====== Provided data ======

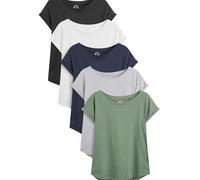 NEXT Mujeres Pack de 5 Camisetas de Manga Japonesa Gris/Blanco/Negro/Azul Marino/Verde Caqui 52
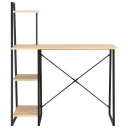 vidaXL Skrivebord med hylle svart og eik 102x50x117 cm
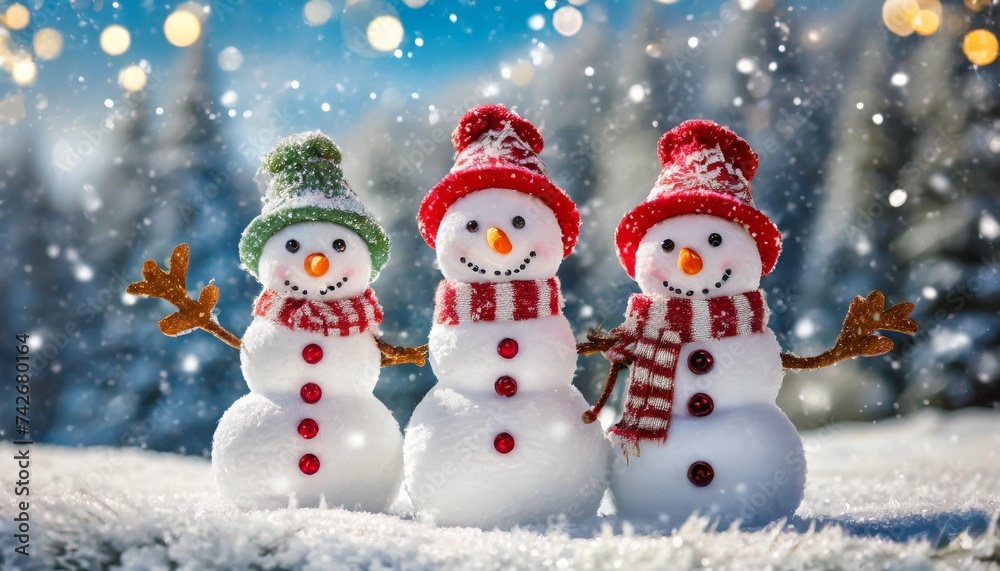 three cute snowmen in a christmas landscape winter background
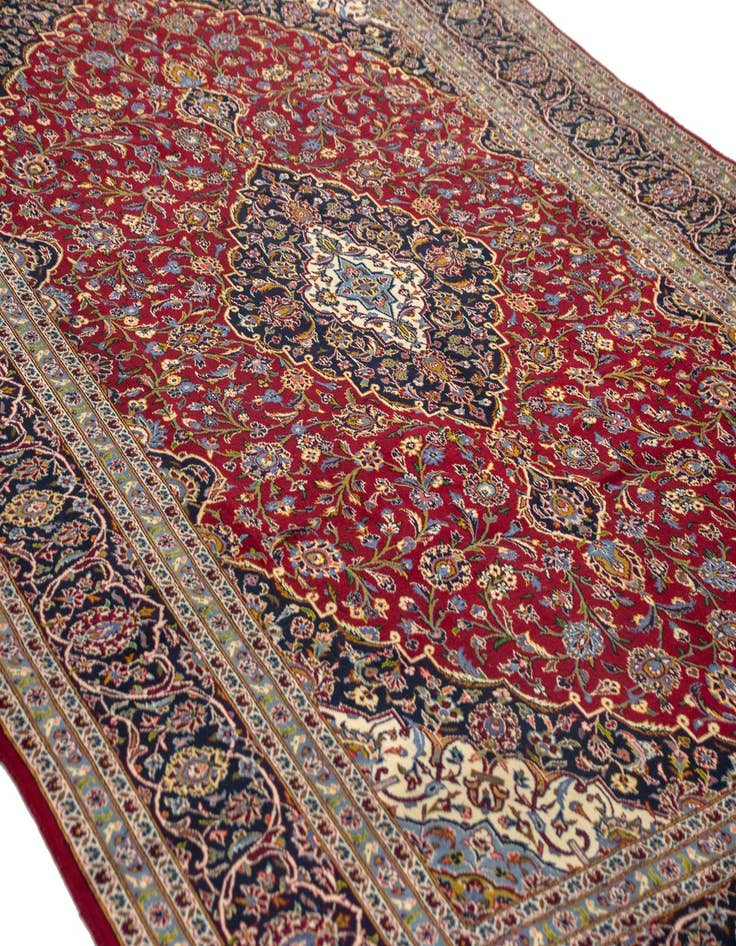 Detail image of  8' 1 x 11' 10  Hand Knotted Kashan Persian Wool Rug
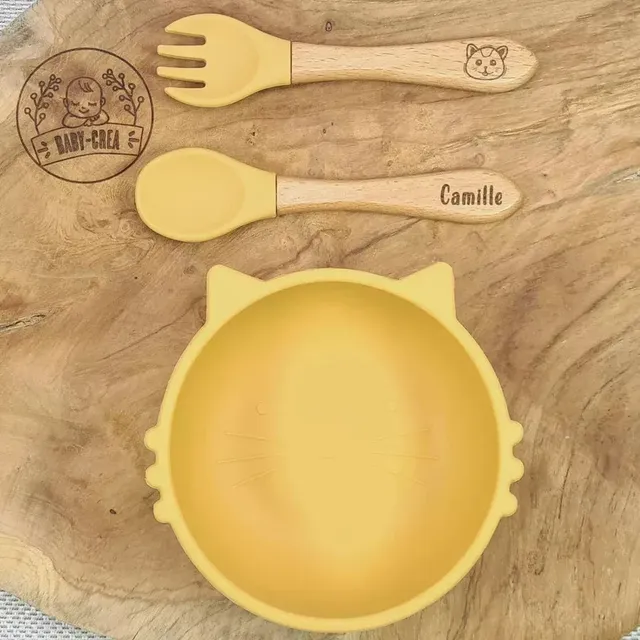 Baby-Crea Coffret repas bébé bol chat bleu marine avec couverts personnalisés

======
====== Provided data ======

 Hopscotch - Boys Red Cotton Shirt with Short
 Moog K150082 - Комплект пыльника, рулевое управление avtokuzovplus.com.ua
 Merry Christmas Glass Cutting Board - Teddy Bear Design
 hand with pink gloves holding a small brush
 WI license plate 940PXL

======
====== Provided data ======

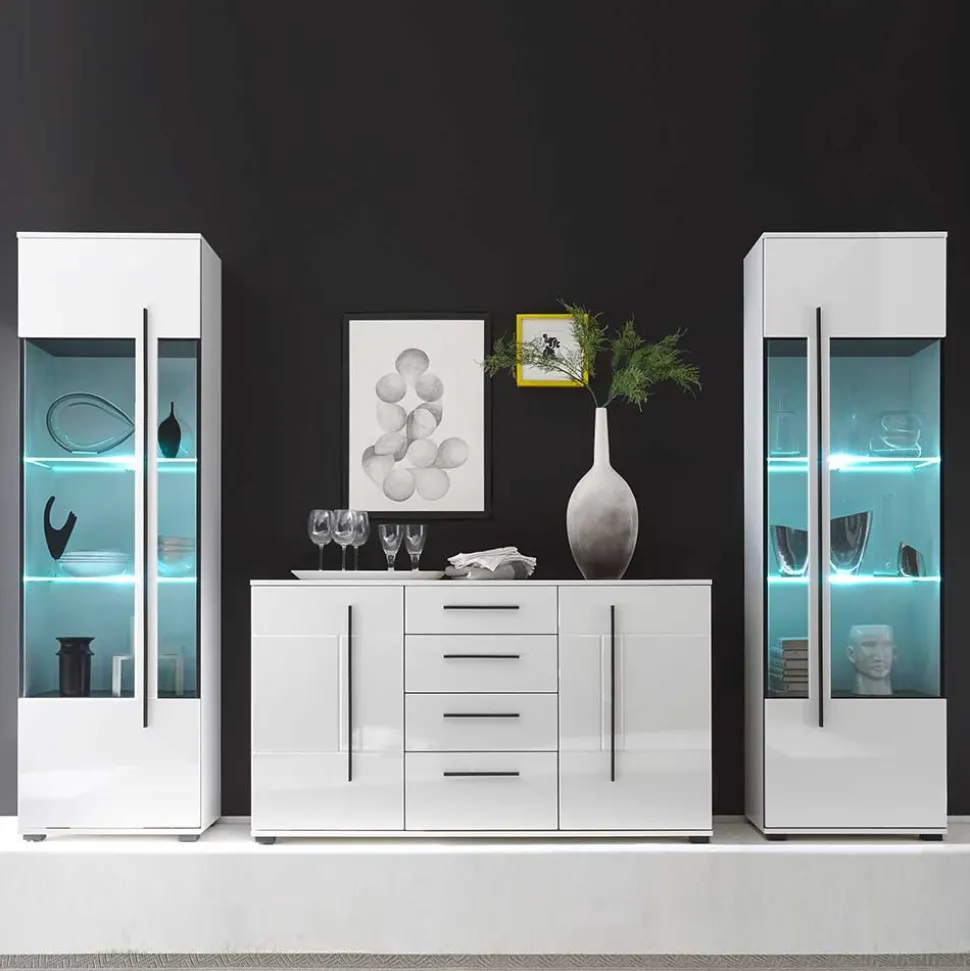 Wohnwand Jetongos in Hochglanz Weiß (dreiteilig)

======

▸ **What is needed**
Of all the entries above, retype exactly the lines from the line with "hand with pink gloves holding a small brush" to the line with "WI license plate 940PXL", both included, and no others.

▸ **Solution to this task**
 hand with pink gloves holding a small brush
 WI license plate 940PXL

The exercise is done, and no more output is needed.